2. **Effect of \( q^2 \):** A higher \( q^2 \) value (0.950 vs. 0.940) results in both a higher absolute number of MC stops and a steeper rate of increase (higher slope) with dimension.
3. **Power-Law Relationship:** The linear fits on the log-log plot indicate a power-law relationship: \( \text{MC stops} \propto \text{Dimension}^{\text{slope}} \). The exponent (slope) increases with \( q^2 \).
4. **Increasing Variance:** The size of the error bars, particularly for the red series (\( q^2 = 0.950 \)), tends to increase with dimension, suggesting greater uncertainty or variability in the simulation cost for higher-dimensional problems at this parameter value.
5. **Data Consistency:** The data points generally align well with their respective linear fit lines, confirming the modeled trend. The last red data point at dimension 240 appears slightly below the trend line.
### Interpretation
This chart quantifies the **curse of dimensionality** for a Monte Carlo simulation process, where the computational cost (measured in simulation steps or "stops") grows polynomially with the problem's dimension. The parameter \( q^2 \) acts as a **difficulty multiplier**.
* **What the data suggests:** The simulation becomes more expensive as the problem becomes more complex (higher dimension) and as the parameter \( q^2 \) increases. The relationship is predictable and follows a power law.
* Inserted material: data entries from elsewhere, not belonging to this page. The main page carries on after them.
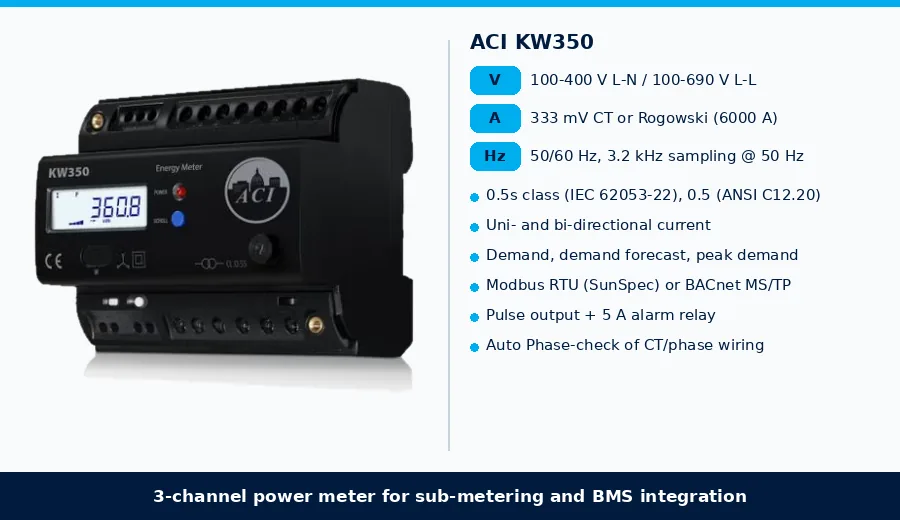 ACI KW350 bi-directional power meter: 3 CT inputs, 0.5 class accuracy, Modbus RTU or BACnet MS/TP, pulse output and alarm relay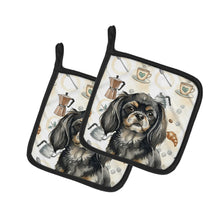 Load image into Gallery viewer, Black and Tan Tibetan Spaniel Coffee Bar Pair of Pot Holders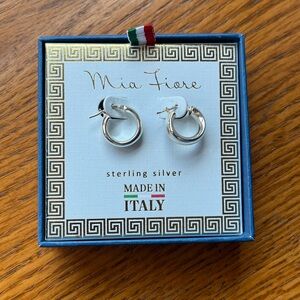 Mia Fiore Italy Sterling Silver Pillow Edge Hoop Earrings Huggies - Signed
* **How elements relate:** The legend correctly maps colors and markers to their respective \( q^2 \) values and fit lines. The slopes provided in the legend (0.7867, 0.9348, 1.0252) are the exponents in the power-law relationship, directly quantifying how sensitively the cost scales with dimension for each \( q^2 \).
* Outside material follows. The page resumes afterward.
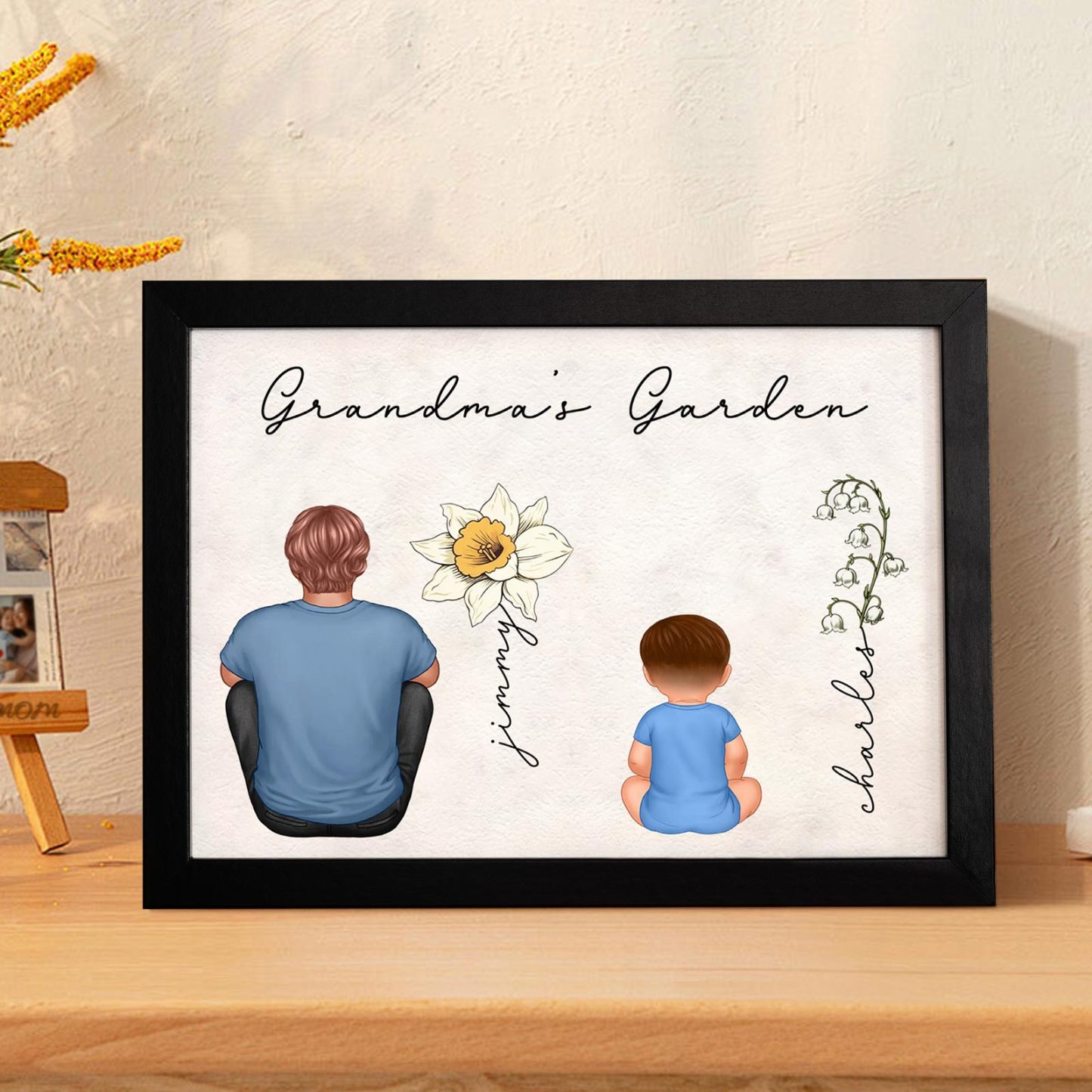 Custom Birth Month Flowers Garden With Grandkids Names Personalized Wooden Photo Frame Mother's Day Gift - MyFaceBoxerUK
* **Notable implications:** The slope for \( q^2 = 0.950 \) is slightly greater than 1, indicating a **super-linear** (slightly worse than linear) scaling of cost with dimension. This has significant implications for the feasibility of running such simulations for very high-dimensional problems at this parameter setting, as the cost will escalate rapidly. The increasing error bars for higher \( q^2 \) and dimension also imply that performance becomes less predictable under these more demanding conditions.
</details>
Figure 12: Semilog (Left) and log-log (Right) plots of the number of Hamiltonian Monte Carlo steps needed to achieve an overlap $q_{2}^{*}>q_{2}^{\rm uni}$ , that certifies the universal solution is outperformed. The dataset was generated from a teacher with polynomial activation $\sigma_{3}={\rm He}_{2}/\sqrt{2}+{\rm He}_{3}/6$ and parameters $\Delta=0.1$ for the linear readout, $\gamma=0.5$ and $\alpha=1.0>\alpha_{\rm sp}$ ( $=0.26,0.30,0.02$ for homogeneous, Rademacher and Gaussian readouts respectively). Student weights are sampled using HMC (initialised uninformatively) with $4000$ iterations for homogeneous readouts (Top row, for which $q_{2}^{\rm uni}=0.883$ ), or $2000$ iterations for Rademacher (Centre row, with $q_{2}^{\rm uni}=0.868$ ) and Gaussian readouts (Bottom row, for which $q_{2}^{\rm uni}=0.903$ ). Each iteration is adaptative (with initial step size of $0.01$ ) and uses $10$ leapfrog steps. $q_{2}^{\rm sp}=0.941,0.948,0.963$ in the three cases. The readouts are kept fixed during training. Points are obtained averaging over 10 teacher/data instances with error bars representing the standard deviation.
| Homogeneous Rademacher Gaussian | ( $q_{2}^{*}\in\{0.903,0.906,0.909\}$ ) ( $q_{2}^{*}\in\{0.897,0.904,0.911\}$ ) ( $q_{2}^{*}\in\{0.940,0.945,0.950\}$ ) | $\bm{2.22}$ $\bm{1.88}$ $0.66$ | $\bm{1.47}$ $\bm{2.12}$ $\bm{0.44}$ | $\bm{1.14}$ $\bm{1.70}$ $\bm{0.26}$ | $8.01$ $8.10$ $\bm{0.62}$ | $7.25$ $7.70$ $0.53$ | $6.35$ $8.57$ $0.39$ |
| --- | --- | --- | --- | --- | --- | --- | --- |
Table 3: $\chi^{2}$ test for exponential and power-law fits for the time needed by Hamiltonian Monte Carlo to reach the thresholds $q_{2}^{*}$ , for various priors on the readouts. For a given row, we report three values of the $\chi^{2}$ test per hypothesis, corresponding with the thresholds $q_{2}^{*}$ on the left, in the order given. Fits are displayed in Figure 12. Smaller values of $\chi^{2}$ (in bold, for given threshold and readouts) indicate a better compatibility with the hypothesis.